Statistical Science 790.01
Methods for Missing Data

  Spring 2024

Course Home Page


Course Description

In this mini-course (4 weeks long, 1 credit), we review theory and methods for handling missing data. We discuss types of missing data and how they affect inference, the pros and cons of different approaches to handling missing data commonly used, and the Bayesian and frequentist theory underpinning multiple imputation, which is often used by applied scientists as a way to handle missing data. We will review some open research problems that offer opportunities for thesis work. The course is taught at a level appropriate for PhD students and advanced MSS students.

Course Objectives

Logistics

Prerequisites

Students must have passed STA 602/702, as well as have courses in regression analysis.

Readings

There are no required texts for this course. Instead, we will read articles and other materials posted on the course website on Canvas. A useful text for reference is:

Little, R. J. A. and Rubin, D. B.  (2002),  Statistical Analysis with Missing Data, 2nd edition.  John Wiley & Sons.

Schedule of Topics

We will cover the topics in the table below.  We may spend different amounts of time on each topic than shown, depending on the interests of the participants in the course.

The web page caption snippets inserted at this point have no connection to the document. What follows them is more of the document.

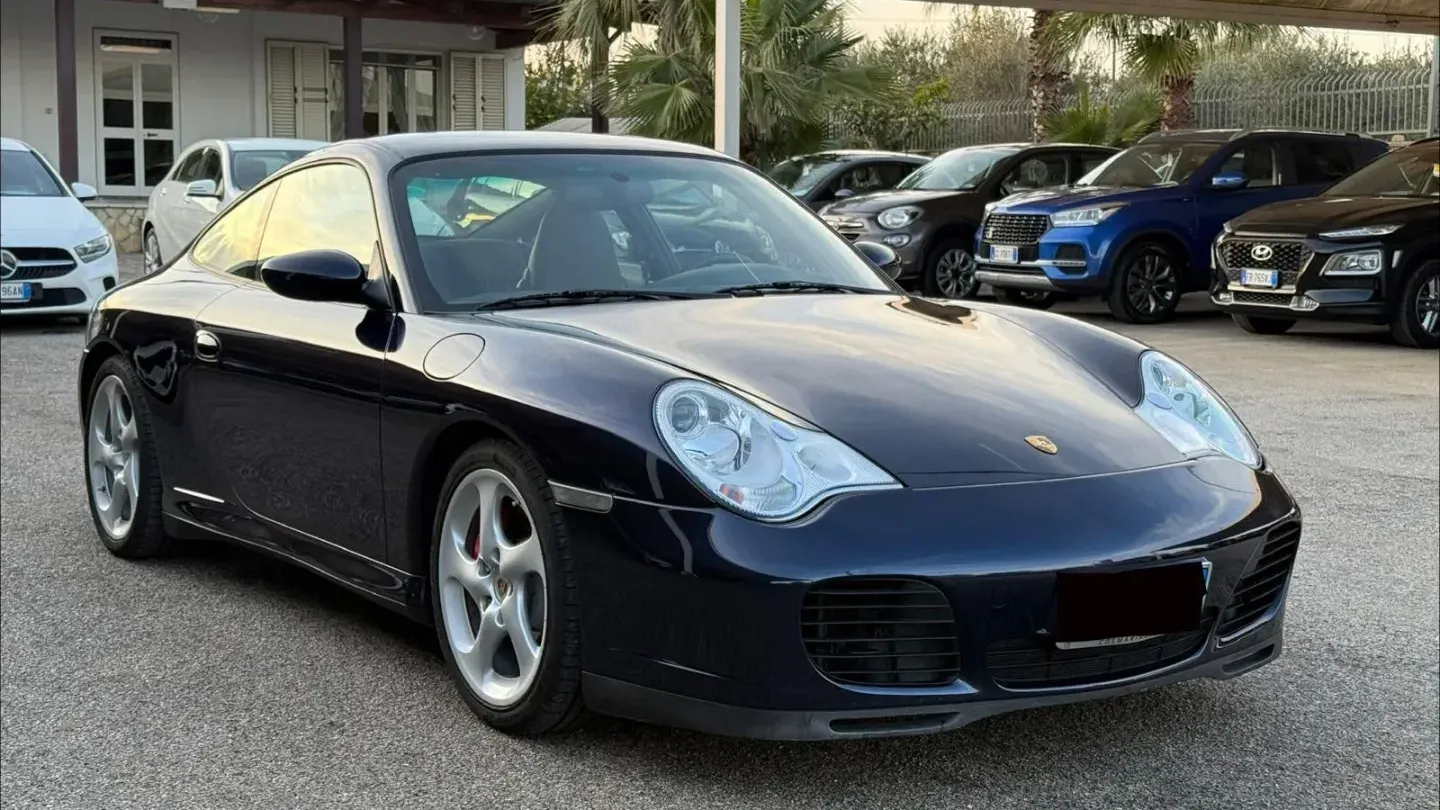 Porsche 911 Carrera 4S Coupé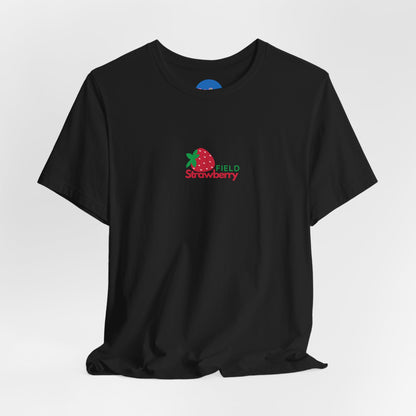 Field of Sweet Dreams - 🍓 Strawberry Field Tee (Front and Back Design)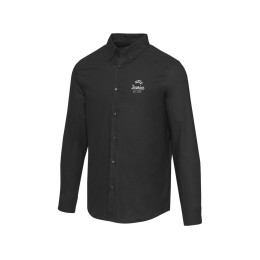 Sphene мужская рубашка оксфорд - сплошной черный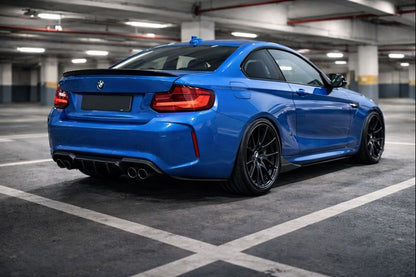😍ART.6965 Spoiler Adatto Per BMW Serie 2 F22 Coupé e F87 M2 2014-2021😍
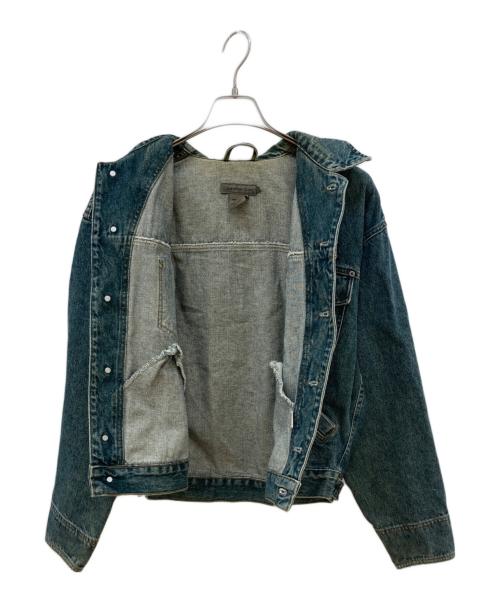 Calvin Klein Sports（カルバンクラインスポーツ）Calvin Klein Sports (カルバンクラインスポーツ) デニムジャケット インディゴ サイズ:Sの古着・服飾アイテム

Introduction: Missing data mechanisms
1 lecture
Multiple imputation
3 lectures
Research: Nonignorable missing data
1 lecture
Research: Data fusion and combining information
1 lecture
Research: Privacy in statistical databases as a missing data problem
2 lectures


Graded work

The course is graded as credit/no credit. Students earn credit through class participation and by writing a document describing either (i) a research question that they find potentially interesting or (ii) something they learned during the mini-course. The document should be typed and around one or two pages. The document is uploaded to the "One Pager" assignment in the Assignments page on the course web site.